Sarah Bergmann, Andrea Schlesier-Michel, Verena Wendt, Matthias Grube, Anja Keitel-Korndörfer, Ruth Gausche, Kai von Klitzing, Annette M. Klein

Abstract

Maternal obesity has been shown to be a risk factor for obesity in children and may also affect children's psychosocial outcomes. It is not yet clear whether there are also psycho-emotional mechanisms explaining the effects of maternal weight on young children's weight and psychosocial development. We aimed to evaluate whether maternal body mass index (BMI), mother-child emotional availability (EA), and maternal parenting stress are associated with children's weight and psychosocial development (i.e., internalizing/externalizing symptoms and social competence) and whether these predictors interact with each other.
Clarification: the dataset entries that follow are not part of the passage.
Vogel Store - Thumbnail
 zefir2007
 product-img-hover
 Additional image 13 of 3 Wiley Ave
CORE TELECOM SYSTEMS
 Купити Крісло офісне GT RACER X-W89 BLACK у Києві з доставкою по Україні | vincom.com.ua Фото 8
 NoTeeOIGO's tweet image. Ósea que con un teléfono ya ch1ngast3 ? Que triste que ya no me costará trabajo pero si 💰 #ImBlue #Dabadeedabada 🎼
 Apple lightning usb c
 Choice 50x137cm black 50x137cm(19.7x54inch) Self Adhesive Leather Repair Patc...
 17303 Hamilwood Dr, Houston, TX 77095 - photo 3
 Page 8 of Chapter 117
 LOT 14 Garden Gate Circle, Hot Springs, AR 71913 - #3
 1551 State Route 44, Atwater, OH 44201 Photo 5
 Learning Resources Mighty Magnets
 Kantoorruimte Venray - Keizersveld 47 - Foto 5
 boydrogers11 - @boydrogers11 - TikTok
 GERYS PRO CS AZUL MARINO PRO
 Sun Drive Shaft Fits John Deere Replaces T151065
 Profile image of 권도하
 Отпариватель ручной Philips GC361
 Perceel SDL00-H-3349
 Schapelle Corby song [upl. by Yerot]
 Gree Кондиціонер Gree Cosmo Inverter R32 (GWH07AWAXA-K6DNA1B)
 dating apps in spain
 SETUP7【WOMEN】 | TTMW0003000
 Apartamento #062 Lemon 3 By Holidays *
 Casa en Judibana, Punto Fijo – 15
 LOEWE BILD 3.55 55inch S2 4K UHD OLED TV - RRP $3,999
This longitudinal study included three assessment points (~11 months apart). The baseline sample consisted of N = 194 mothers and their children aged 5-47 months (M = 28.18, SD = 8.44, 99 girls). At t 1, we measured maternal weight and height to calculate maternal BMI. We videotaped mother-child interactions, coding them with the EA Scales (fourth edition). We assessed maternal parenting stress with the Parenting Stress Index (PSI) short form. At t 1 to t 3, we measured height and weight of children and calculated BMI-SDS scores. Children's externalizing and internalizing problems (t 1-t 3) and social competence (t 3, N = 118) were assessed using questionnaires: Child Behavior Checklist (CBCL 1.5-5), Strengths and Difficulties Questionnaire (SDQ: prosocial behavior), and a checklist for behavioral problems at preschool age (VBV 3-6: social-emotional competence). By applying structural equation modeling (SEM) and a latent regression analysis, we found maternal BMI to predict higher BMI-SDS and a poorer psychosocial development (higher externalizing symptoms, lower social competence) in children. Higher parenting stress predicted higher levels of externalizing and internalizing symptoms and lower social competence. Better maternal EA was associated with higher social competence. We found parenting stress to serve as a mediator in the association between maternal weight and children's psychosocial outcomes. Moreover, children of mothers with an elevated BMI were at greater risk of lower social competence only when their mothers showed low levels of maternal EA (moderation). Interventional studies are needed that investigate the causal pathways between parenting stress, mother-child interaction quality and child outcomes. These aspects might be targets to improve the psychosocial development of the offspring of overweight or obese mothers.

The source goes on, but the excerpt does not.